Ils se sont tournés vers Bella et moi et ont froncé les sourcils parce que nous étions incapables de contenir notre rire. Bella était sur les genoux riant d'Alice qui avait sauté dans les bras de Jasper d'une manière ou d'une autre. Ne me demandez pas comment mais elle l'a fait. Il était drôle de voir son masque de fureur tordu par une frustration.

« Edward Masen » m'a-t-elle grondé. J'ai levé les yeux vers elle, riant toujours et elle a fait un pas, un regard menaçant sur le visage. « Ce n'était pas drôle !»

« Oh, je te prie d'arrêter » Bella a gloussé derrière moi et Alice lui a instantanément envoyé un regard méchant, aussi méchant que celui qu'elle m'avait donné.

« Toi Isabella, tu es dans le pétrin ! » Elle a soulevé ses sourcils de façon à la supplier de la défier.

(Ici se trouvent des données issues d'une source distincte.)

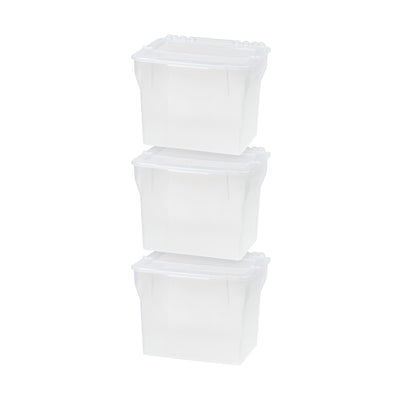 IRIS USA Clear Plastic File Organizer Box Storage Container Bin with Lid, 3 Pack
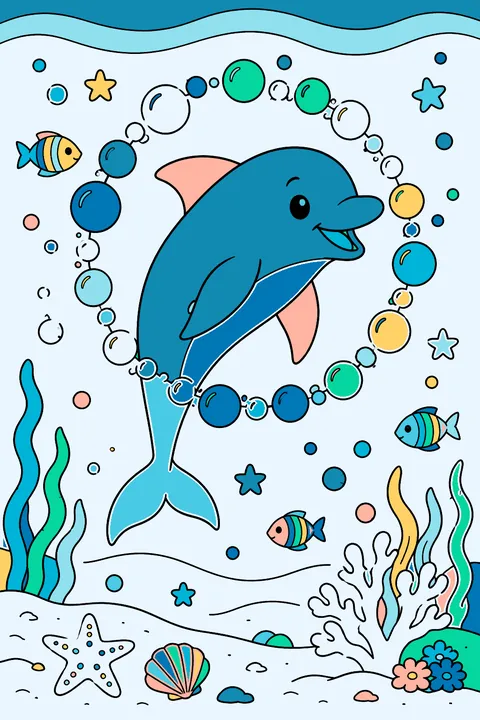 Dolphin Jumping Through Bubbles coloring page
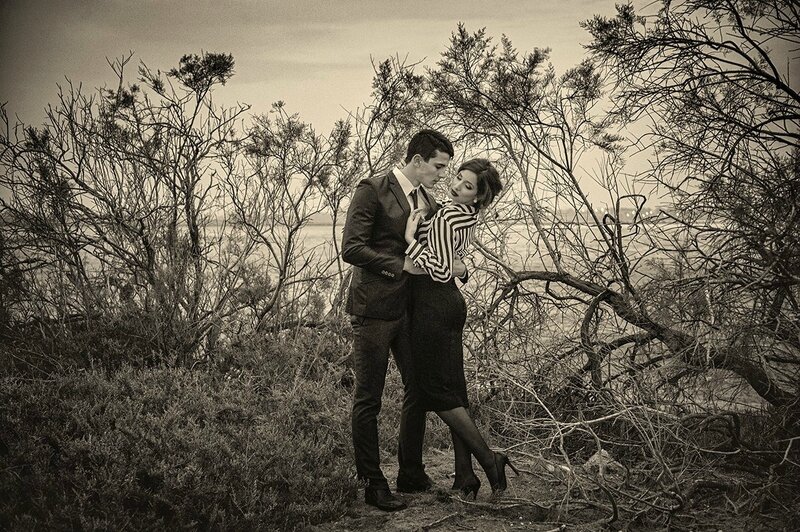 Couple Embracing Outdoors — Black, Dramatic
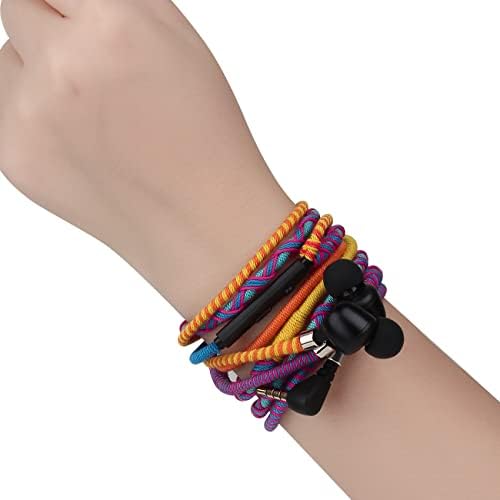 URIZONS Colorful Braided cord Headphones In Ear Earphones Wired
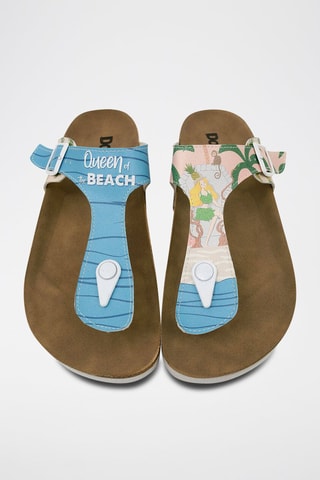 $Tongs Queen of the Beach Bleu et rose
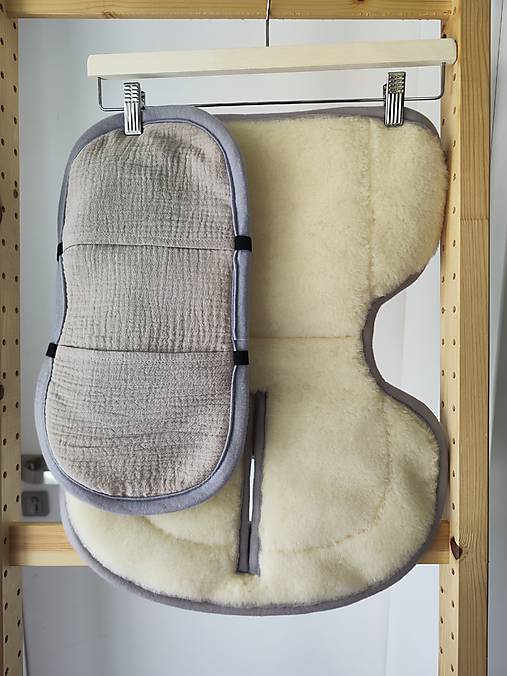 Detský textil - VLNIENKA vložka do autosedačky Cybex Cloud T proti poteniu a Prechladnutiu 100% Mušelin Beige - 18490742_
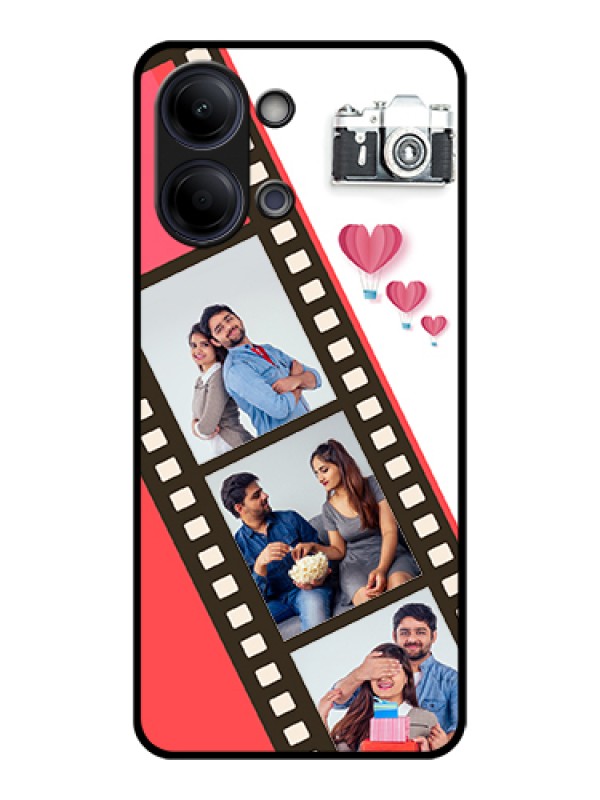 Custom Vivo Y11 5G Custom Glass Phone Case - 3 Image Holder With Film Reel
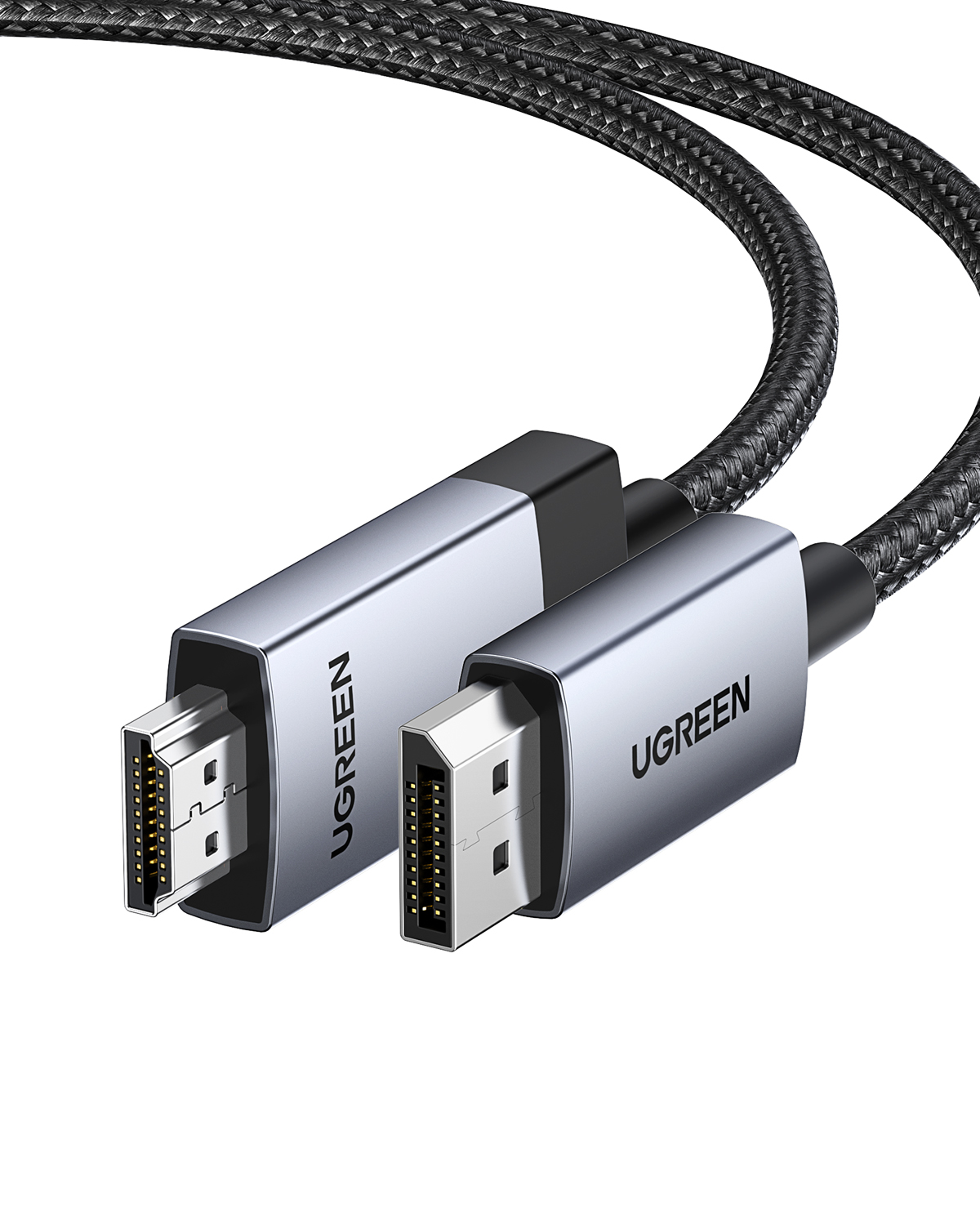 Siyah örgülü kablolu iki gümüş UGREEN HDMI ve DisplayPort konektörü.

« Tu es dans le pétrin » dit Emmett d'une voix chantante.

« Hmm ! » J'ai réfléchi à une chose qui pourrait sortir Bella du pétrin. « Bien, Alice si tu n'es pas gentille avec Bella ce soir, de quelque façon que ce soit, alors je ne te laisserai pas jouer avec ça ». J'ai appuyé sur un autre bouton de la télécommande et le meuble sous l'écran s'est ouvert pour révéler un karaoké professionnel et un DDR Dance Mat (T/N : c'est un tapis de danse électronique). Elle a tourné autour et je pouvais imaginer ses yeux écarquillés quand elle a vu l'assortiment de disques de karaoké rangés sous l'écran.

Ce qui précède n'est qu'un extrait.